‘Critical’: NVCA demands promised funding to restore Great Lakes
‘With accelerated growth … water availability and quality will continue to decline, putting even more pressure on the Great Lakes,’ says conservation authority official
Collingwood’s shoreline along Georgian Bay in Lake Huron.
The Nottawasaga Valley Conservation Authority (NVCA) will join organizations across Canada to ask the federal government to keep its promise to invest $1 billion to restore the Great Lakes.
“Nearly half of Canada’s population lives in the Great Lakes and St. Lawrence River Basin, a region that includes our watershed,” said Gail Little, NVCA chair. “With accelerated growth in these areas, water availability and quality will continue to decline, putting even more pressure on the Great Lakes.
“It is critical that the federal government takes their commitment seriously.”
In 2017, the federal government committed $44.84 million to protect the Great Lakes through the Freshwater Action Plan. The plan includes six program areas, including preventing toxic and nuisance algae and enhancing the resilience of coastal wetlands.
This commitment was renewed in 2021, and the government promised an investment of $1 billion over ten years to restore major bodies of water across the country. However, only 19.6 million was budgeted for the Freshwater Action Plan in 2022.

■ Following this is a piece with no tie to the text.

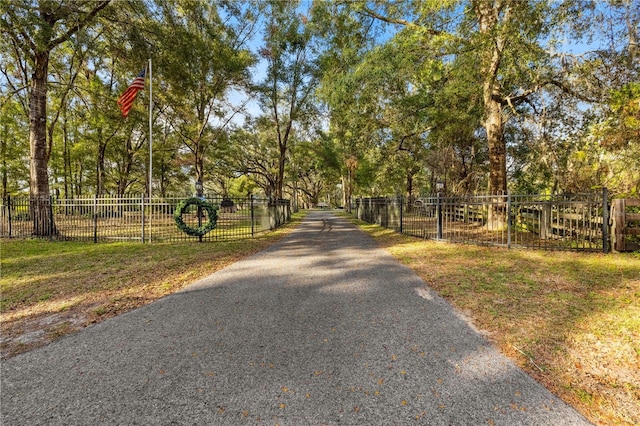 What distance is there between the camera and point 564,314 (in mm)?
3889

“All the rivers and streams in the Nottawasaga Watershed eventually flow into Lake Huron,” continued Little. “We are calling on the federal government to make conservation authorities and municipalities eligible for future funding and allocate a portion of this funding to our watershed.”

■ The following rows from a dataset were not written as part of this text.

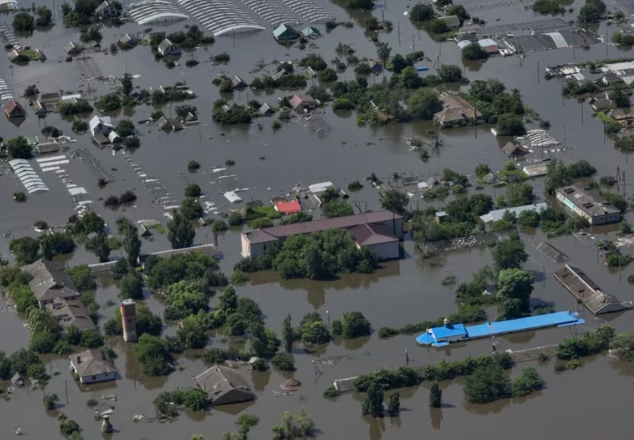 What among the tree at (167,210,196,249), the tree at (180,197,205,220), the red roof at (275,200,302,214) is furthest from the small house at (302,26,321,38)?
the tree at (167,210,196,249)

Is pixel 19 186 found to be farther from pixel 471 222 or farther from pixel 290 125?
pixel 471 222

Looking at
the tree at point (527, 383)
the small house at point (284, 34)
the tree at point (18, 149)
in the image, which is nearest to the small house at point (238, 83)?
the small house at point (284, 34)

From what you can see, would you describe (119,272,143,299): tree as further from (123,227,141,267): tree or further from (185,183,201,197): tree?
(185,183,201,197): tree

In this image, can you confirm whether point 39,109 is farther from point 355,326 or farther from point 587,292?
point 587,292

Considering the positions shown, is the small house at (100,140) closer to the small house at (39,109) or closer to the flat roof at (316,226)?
the small house at (39,109)

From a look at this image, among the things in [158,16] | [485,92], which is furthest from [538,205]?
[158,16]

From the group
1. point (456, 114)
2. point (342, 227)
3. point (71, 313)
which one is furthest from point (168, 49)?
point (71, 313)

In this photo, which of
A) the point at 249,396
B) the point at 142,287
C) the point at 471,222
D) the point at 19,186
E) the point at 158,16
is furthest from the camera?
the point at 158,16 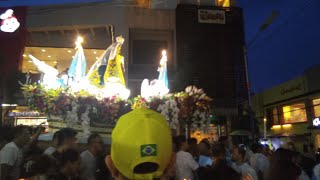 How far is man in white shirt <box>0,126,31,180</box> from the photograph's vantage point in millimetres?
5004

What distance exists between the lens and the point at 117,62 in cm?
795

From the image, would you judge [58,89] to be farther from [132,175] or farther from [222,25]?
[222,25]

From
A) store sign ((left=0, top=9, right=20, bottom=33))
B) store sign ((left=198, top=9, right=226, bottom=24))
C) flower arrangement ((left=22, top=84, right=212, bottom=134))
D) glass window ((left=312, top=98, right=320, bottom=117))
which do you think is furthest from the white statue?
glass window ((left=312, top=98, right=320, bottom=117))

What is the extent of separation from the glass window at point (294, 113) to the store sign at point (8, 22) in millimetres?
20148

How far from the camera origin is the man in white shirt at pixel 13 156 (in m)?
5.00

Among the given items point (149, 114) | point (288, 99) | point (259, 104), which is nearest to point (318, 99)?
point (288, 99)

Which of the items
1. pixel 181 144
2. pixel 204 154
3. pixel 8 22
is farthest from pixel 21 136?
pixel 8 22

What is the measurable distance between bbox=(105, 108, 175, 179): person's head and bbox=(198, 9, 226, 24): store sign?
20166 millimetres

NVCA has been restoring the Nottawasaga River for many decades. The current flagship project is the Nottawasaga River Restoration Project, where NVCA staff, partners and volunteers are extending high-quality sections of the Upper Nottawasaga River, Pine River and Sheldon Creek to improve water quality and restore fish and wildlife habitat.

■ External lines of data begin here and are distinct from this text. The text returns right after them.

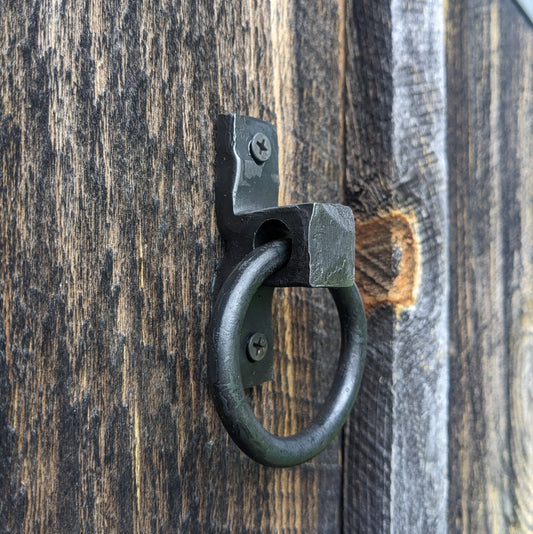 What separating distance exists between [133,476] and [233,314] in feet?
0.47

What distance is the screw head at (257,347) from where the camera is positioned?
1.54 feet

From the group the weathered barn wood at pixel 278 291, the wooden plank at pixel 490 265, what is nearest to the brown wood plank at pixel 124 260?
the weathered barn wood at pixel 278 291

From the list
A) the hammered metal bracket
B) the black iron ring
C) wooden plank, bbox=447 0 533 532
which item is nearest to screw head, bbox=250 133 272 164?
the hammered metal bracket

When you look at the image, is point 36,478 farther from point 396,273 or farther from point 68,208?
point 396,273

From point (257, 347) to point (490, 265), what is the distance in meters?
0.37

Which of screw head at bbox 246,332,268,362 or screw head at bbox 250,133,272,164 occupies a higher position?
screw head at bbox 250,133,272,164

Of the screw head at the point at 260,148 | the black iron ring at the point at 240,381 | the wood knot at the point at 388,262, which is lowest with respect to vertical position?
the black iron ring at the point at 240,381

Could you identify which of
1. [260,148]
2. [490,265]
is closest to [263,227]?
[260,148]

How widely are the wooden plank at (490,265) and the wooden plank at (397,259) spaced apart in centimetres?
7

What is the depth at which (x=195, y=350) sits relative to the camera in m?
0.44

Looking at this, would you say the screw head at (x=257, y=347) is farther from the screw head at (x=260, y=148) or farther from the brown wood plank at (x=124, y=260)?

“Member municipalities in the Nottawasaga Watershed have been clear about how invaluable federal investments are to the enhancement of our watercourses, environment, quality of life and economies,” added Jonathan Scott, vice chair at NVCA. “We are hopeful this funding will proceed so we can all work together to protect our natural world.”
If the federal government commits to this funding, NVCA looks forward to protecting and building resiliency for the towns of Collingwood and Wasaga Beach by reducing nutrient runoff from rural and urban areas.